Activity —
Reproduction without pictures: print every entry precisely as written.

Dataset entries —
◇ ◇ ◇ ◇ ◇

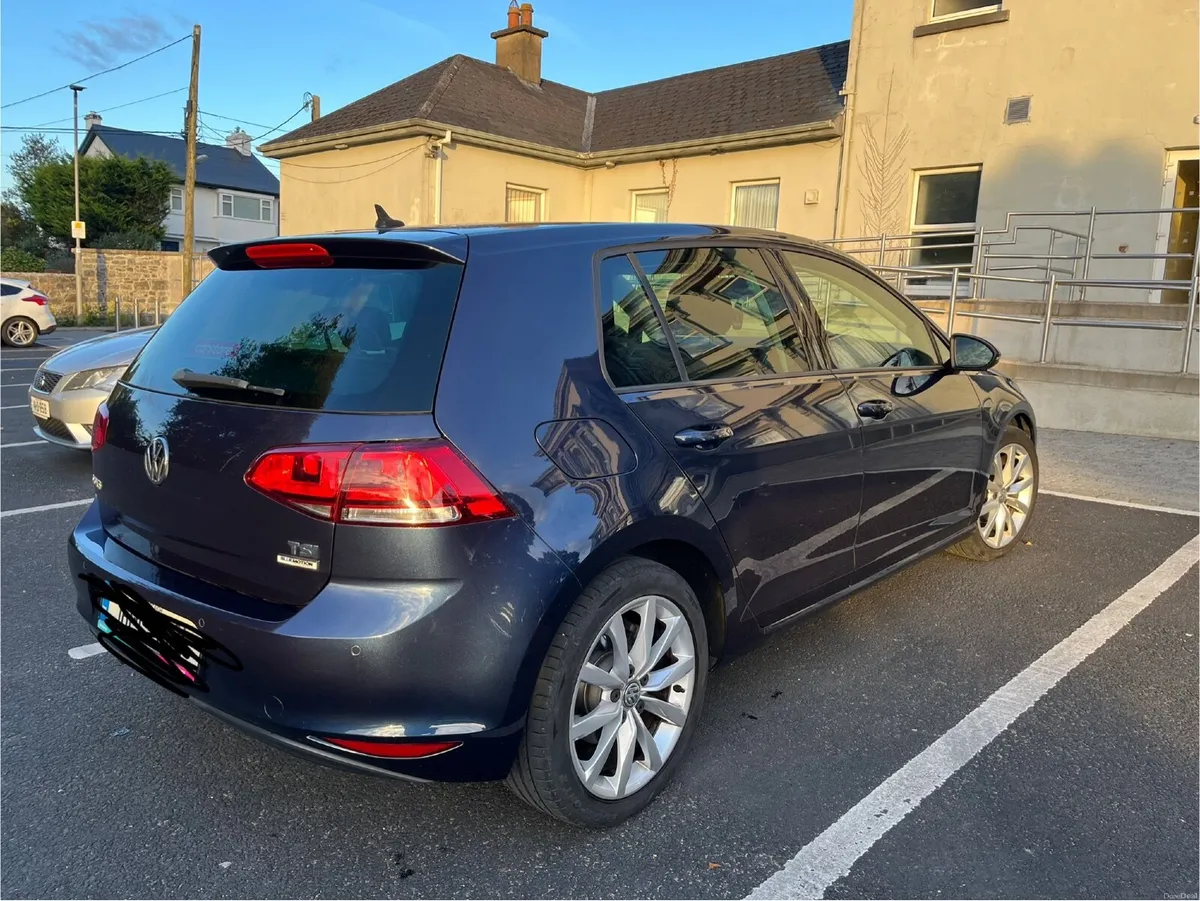 Volkswagen Golf 2016 *Highline trim* - Image 3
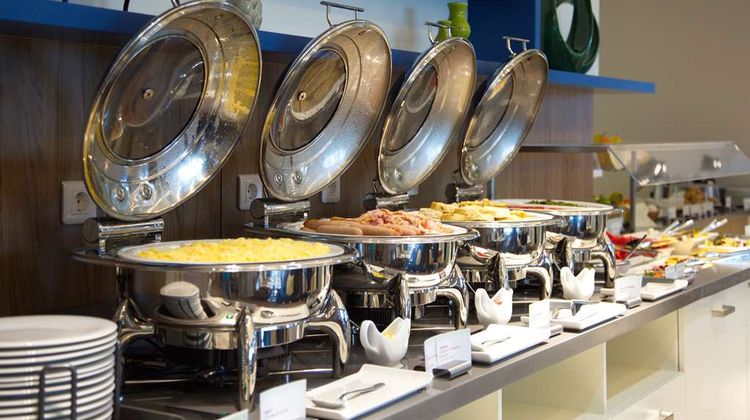 Hilton Garden Inn Ufa Riverside Restaurant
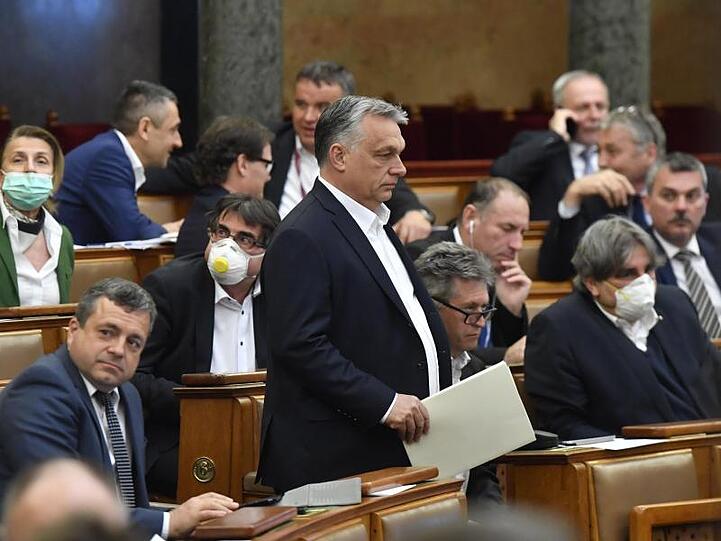 Weg in die Autokratie? Viktor Orban hat sich vom Parlament mit umfassenden Sondervollmachten ausstatten lassen.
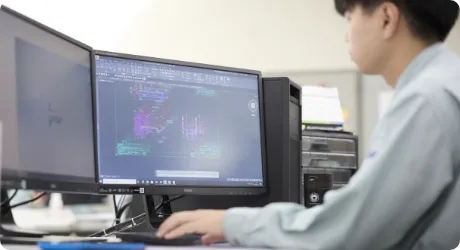 設計（エンジニア）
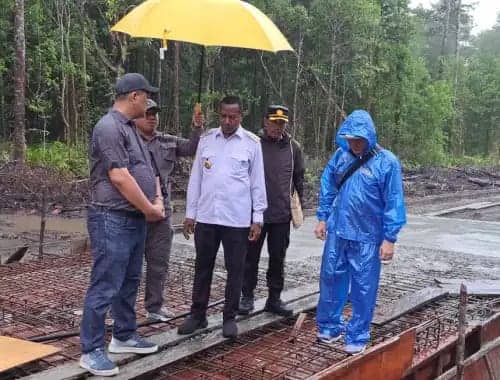 Ilustrasi berita Papua: Kunjungi Asmat, Gubernur Safanpo Tinjau Proyek Pembangunan Jalan Beton
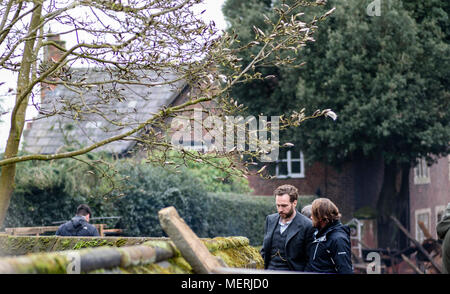 Great Budworth, UK. 11. April 2018. Schauspieler Rafe Spall Gespräche auf dem Regisseur Craig Viveiros in der neuen BBC-Drama "Krieg der Welten" von HG Wells, f Stockfoto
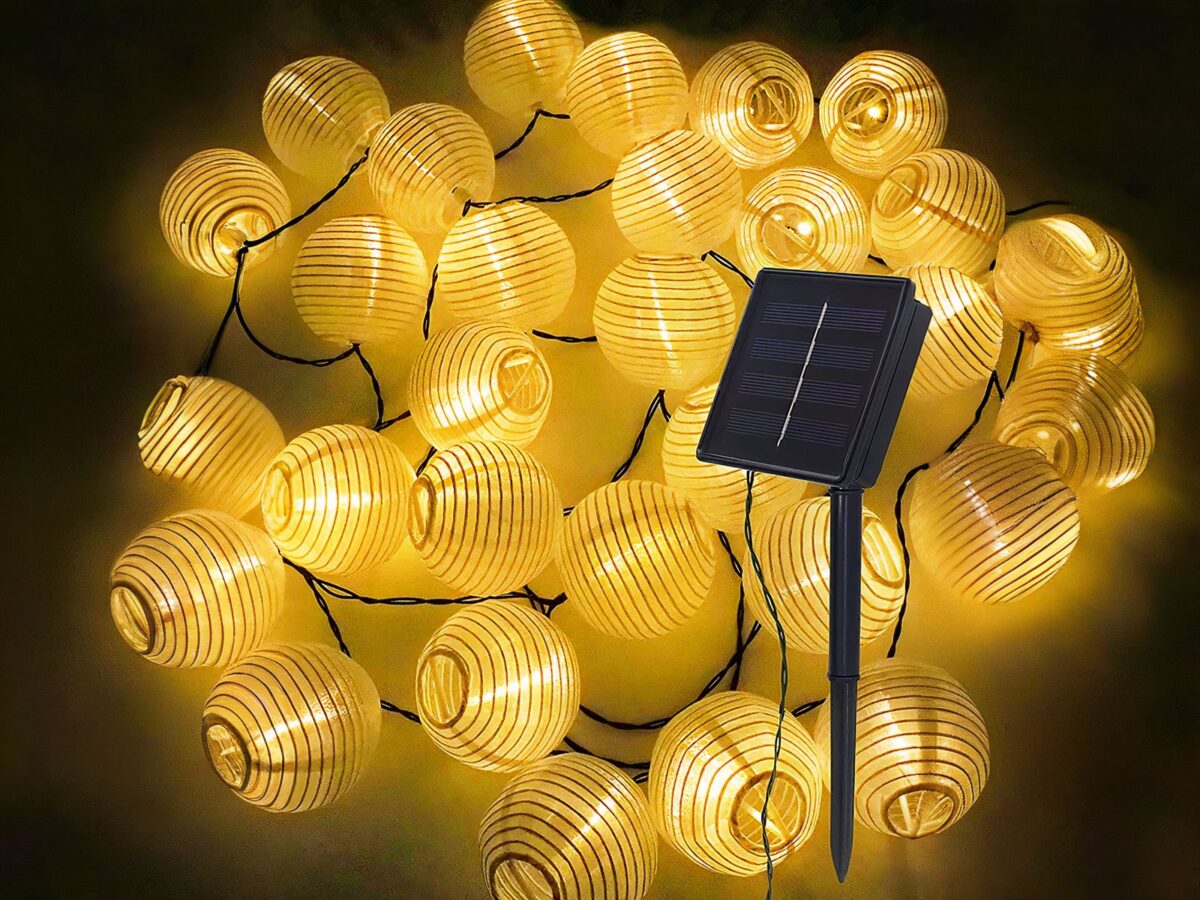 Guirlande led exterieur étanche avec panneau solaire Guirlande led exterieur étanche avec panneau solaire sur fond noir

◇ ◇ ◇ ◇ ◇

Expected answer —
 Volkswagen Golf 2016 *Highline trim* - Image 3
 Hilton Garden Inn Ufa Riverside Restaurant
 Weg in die Autokratie? Viktor Orban hat sich vom Parlament mit umfassenden Sondervollmachten ausstatten lassen.
 設計（エンジニア）
 Ilustrasi berita Papua: Kunjungi Asmat, Gubernur Safanpo Tinjau Proyek Pembangunan Jalan Beton
 Great Budworth, UK. 11. April 2018. Schauspieler Rafe Spall Gespräche auf dem Regisseur Craig Viveiros in der neuen BBC-Drama "Krieg der Welten" von HG Wells, f Stockfoto
 Guirlande led exterieur étanche avec panneau solaire Guirlande led exterieur étanche avec panneau solaire sur fond noir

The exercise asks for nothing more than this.